Posted by Slade Lawson on Jun 28, 2014 | 3 Comments

You've been charged with a domestic violence offense.  You had an argument with your wife.  Things got really heated.  In your anger, you threw a wine glass to the floor.  No one was hurt.  You did not lay a finger on your wife.  In her anger, she called the police.  She just wanted them to respond so that you'd calm down.  That's not how things ended up, though.  Now, here we sit.  You've been charged with a domestic violence offense.

After your arrest your wife felt terrible.  She had no idea it could go this far.  Yet, here you are facing a court date.  Your wife is the "victim" of your criminal damage charge charge for the broken wine glass.

Domestic violence is a very real and serious problem.  Police departments and prosecuting agencies justifiably treat it as such.  There are many cases where the cycle of abuse has reached a crescendo, people get seriously injured, and court intervention is required.  Your case is probably not one of them.

Your wife doesn't want you to be convicted of a crime.  She never meant for it to go this far.  She thought the police would just talk to you and settle you down.  All she has to do to fix this, though, is to show up in court with you and tell the prosecutor that she doesn't want to prosecute, right?

WRONG!  You must understand this important fact about domestic violence charges in Arizona.  Your wife is not prosecuting you, the state of Arizona is prosecuting you.  In most Arizona courts, prosecutors are extremely reluctant to dismiss domestic violence related charges.  They are reluctant because they don't want to see their name in the paper if something goes wrong.  For instance, defendant assaults spouse, then threatens spouse into requesting that the charges be dropped.  Charges dropped.  Later, defendant assaults spouse again.  Prosecutors don't want to deal with this potential scenario.  Because they have no easy way of knowing which defendant are real threats and which ones are not, prosecutors take the path of least resistance and prosecute them all.  They let the courts sort it out.

For this reason, your domestic violence case is not just a little thing.  There is a very real possibility of a criminal conviction.  Upon conviction for a domestic violence offense, Arizona law requires mandatory probation and counseling.  You may also lose your right to possess firearms (pursuant to Federal law).  In short, a domestic violence conviction can have severe and long lasting consequences.

Protect yourself and your family.  When facing charges for a domestic violence offense, consult with a qualified, experienced  criminal defense attorney.

About the Author

Slade Lawson

Slade A. Lawson is a career criminal defense attorney.

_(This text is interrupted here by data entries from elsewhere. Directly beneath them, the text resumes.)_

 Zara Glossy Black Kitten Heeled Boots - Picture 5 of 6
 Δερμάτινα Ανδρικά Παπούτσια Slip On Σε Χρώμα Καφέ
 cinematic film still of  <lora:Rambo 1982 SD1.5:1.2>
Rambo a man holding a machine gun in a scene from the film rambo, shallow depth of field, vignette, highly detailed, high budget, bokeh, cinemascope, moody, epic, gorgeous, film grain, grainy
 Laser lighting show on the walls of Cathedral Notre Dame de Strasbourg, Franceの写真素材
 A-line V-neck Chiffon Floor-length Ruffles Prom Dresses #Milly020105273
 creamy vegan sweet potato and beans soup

He has worked in the defense of Arizona criminal cases for over 30 years and is certified by the State Bar of Arizona as a Specialist in Criminal Law.


Slade Lawson Reply

Posted Mar 29, 2016 at 14:22:49

In Arizona, a domestic violence relationship (as defined by Arizona Revised Statutes section 13-3601A) can exist in gay, lesbian, bisexual, transgender, and specific other types of relationships. The statute previously mentioned in specific to Arizona. Other states may have different definitions of what may qualify as “domestic violence”. Both males and females can experience domestic violence.

Slade Lawson Reply

Posted Mar 29, 2016 at 14:28:09

The above answer was posted in response to the following question:

Hello, thank you for sharing this article. I have a few questions… So does domestic violence happen in gay/lesbian/bisexual or transgender relationships? and does this differ in every state?

Also, can men experience domestic violence?

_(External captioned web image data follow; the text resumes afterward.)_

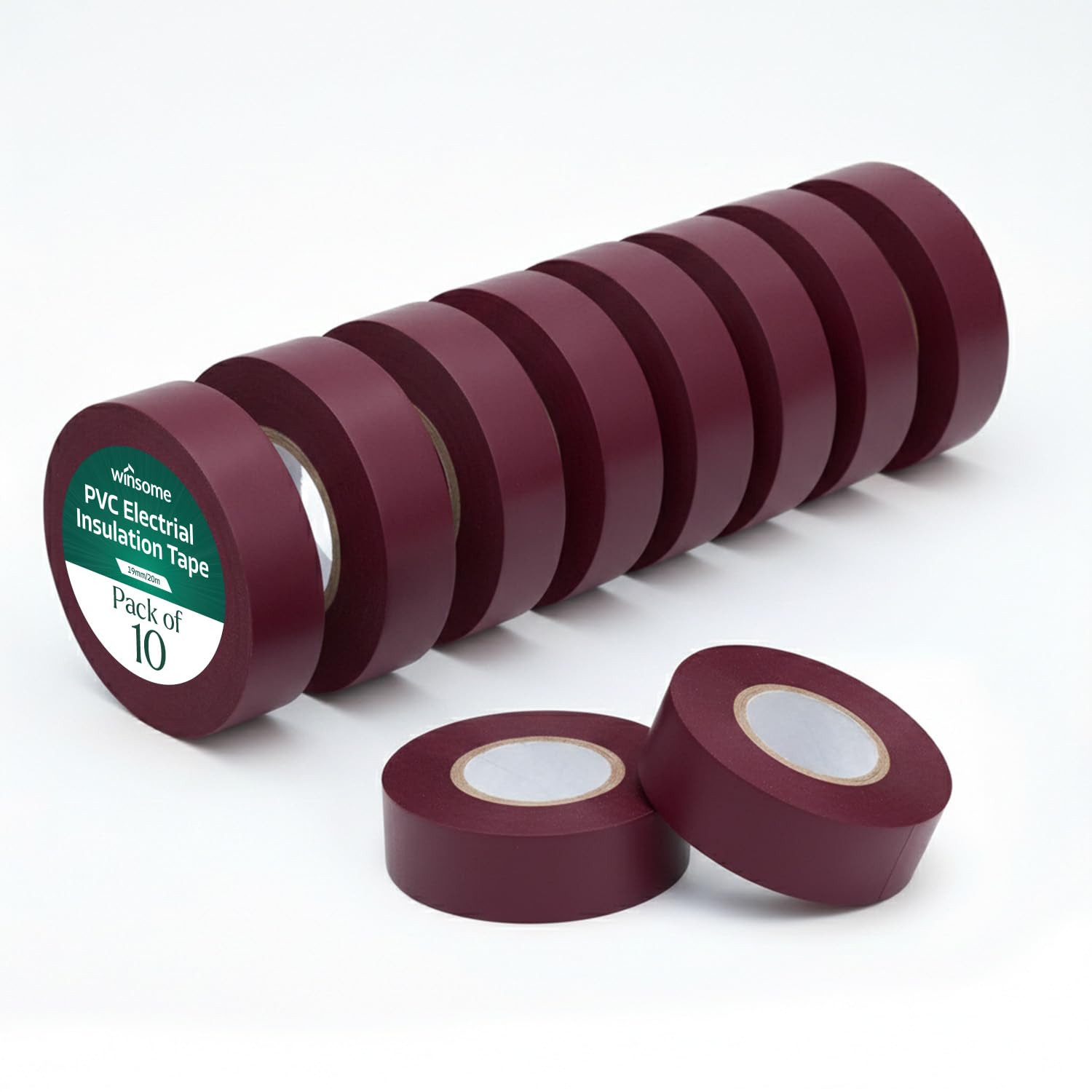 WINSOME Electrical Tape Pack of 10 | 20m X 19mm Waterproof Insulation Tape for Electric Wires & Cables | Strong & Sticky Electrician’s Tape for Preventing Short Circuits (Brown, Pack of 10)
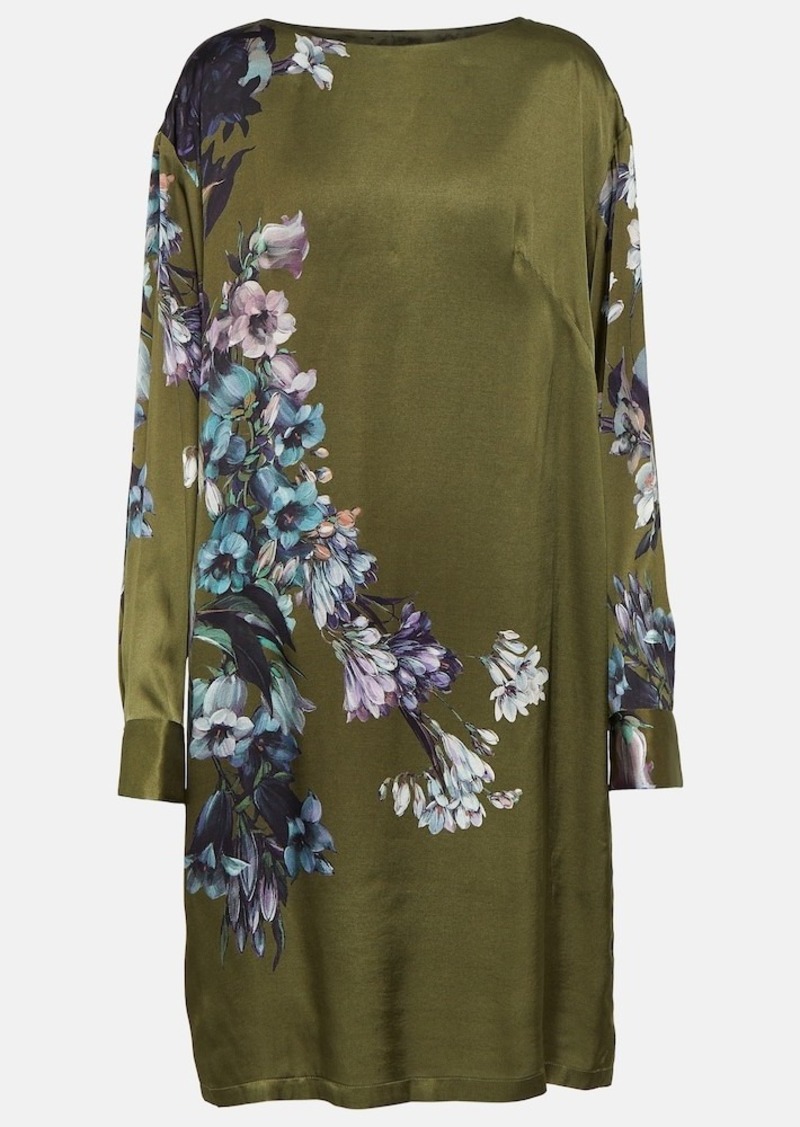 Dries Van Noten Floral satin midi dress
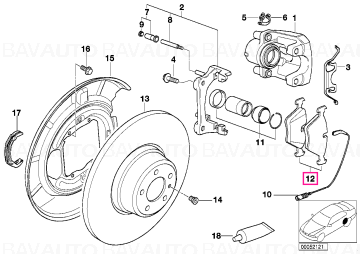 34216761281 - Set placute frana, punte spate - BMW Seria 5 E39 - Original BMW
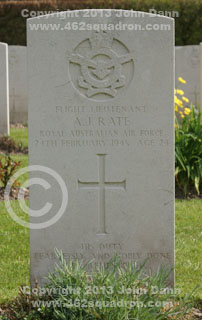 Headstone on grave of Allan John Rate, 423892 RAAF, 462 Squadron.
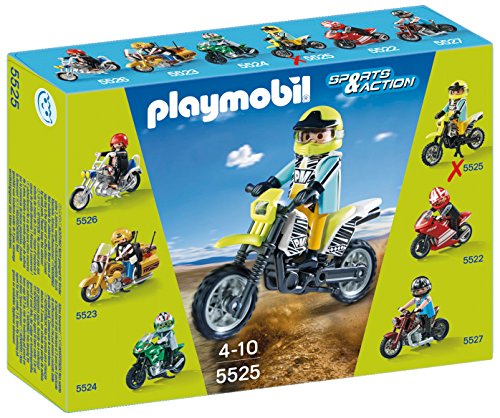 Playmobil Coleccionables - Sports & Action Moto de Motocross Playsets de Figuras de jugete (Playmobil 5525)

Thank you and I hope to hear from you soon.

Slade Lawson Reply

Posted Jul 01, 2017 at 07:31:09

Yes. There are several types of domestic violence charges that don’t necessarily require the defendant and the alleged victim to be in the same place when the offense occurs. Also, it is very common for a person to be charged with a domestic violence offense even if they weren’t there when the police arrived.